ABOUT THIS EXERCISE: Take the material below and output exactly the run of lines from the one containing "Obraz premium Two" down to the one containing "Word on the", with both included.

PROVIDED RECORDS:
════
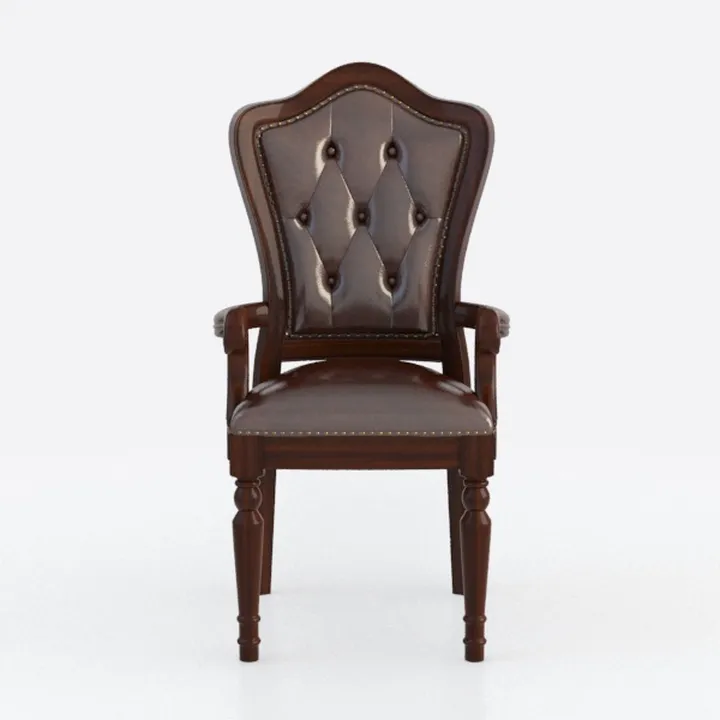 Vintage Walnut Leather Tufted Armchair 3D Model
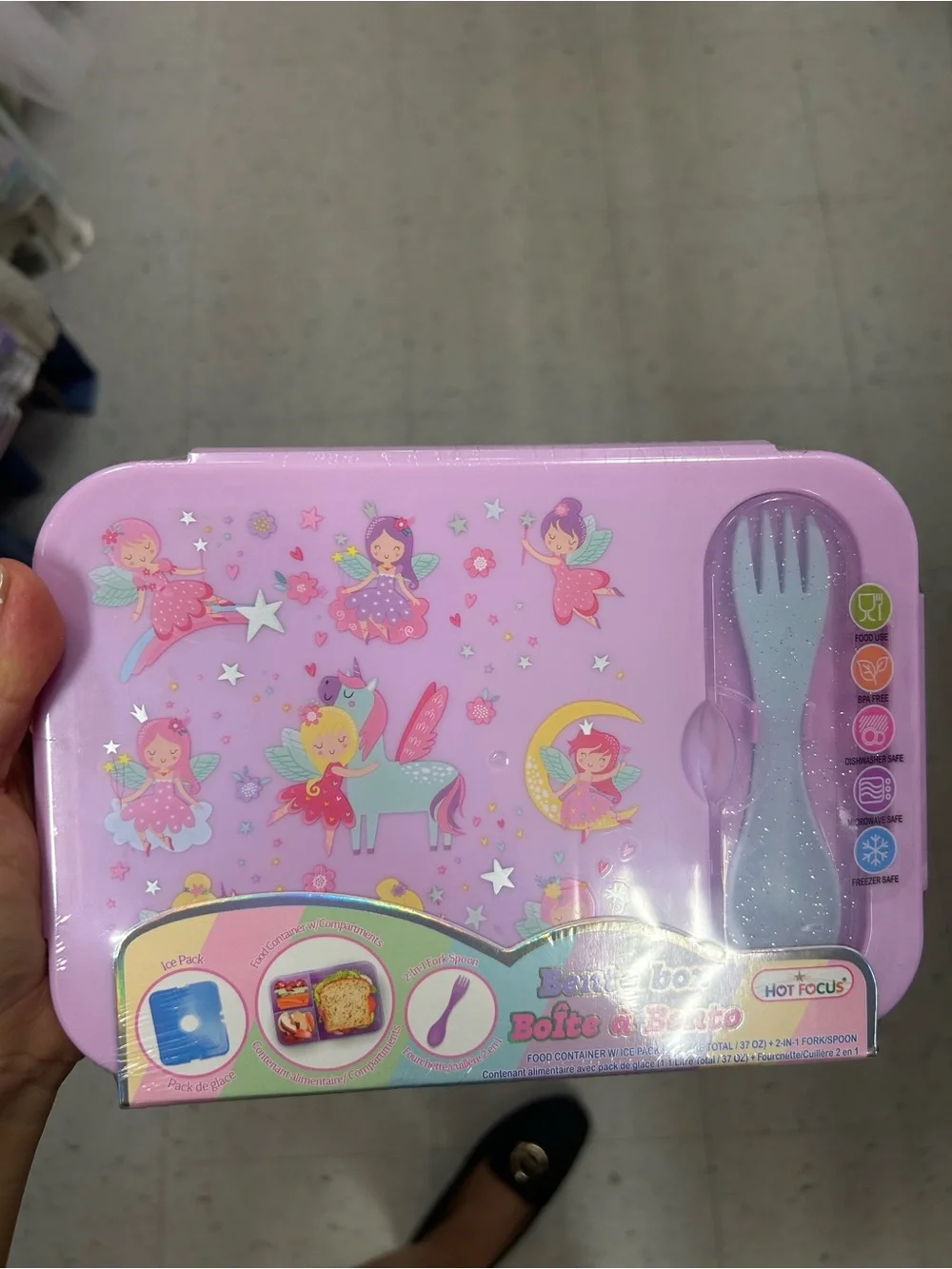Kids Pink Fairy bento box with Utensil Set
════
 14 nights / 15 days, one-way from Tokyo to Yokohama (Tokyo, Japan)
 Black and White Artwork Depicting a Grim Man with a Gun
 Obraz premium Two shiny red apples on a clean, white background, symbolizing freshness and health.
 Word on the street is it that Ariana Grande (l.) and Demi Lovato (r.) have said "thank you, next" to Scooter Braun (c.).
════
RESPONSE BELOW:
 Obraz premium Two shiny red apples on a clean, white background, symbolizing freshness and health.
 Word on the street is it that Ariana Grande (l.) and Demi Lovato (r.) have said "thank you, next" to Scooter Braun (c.).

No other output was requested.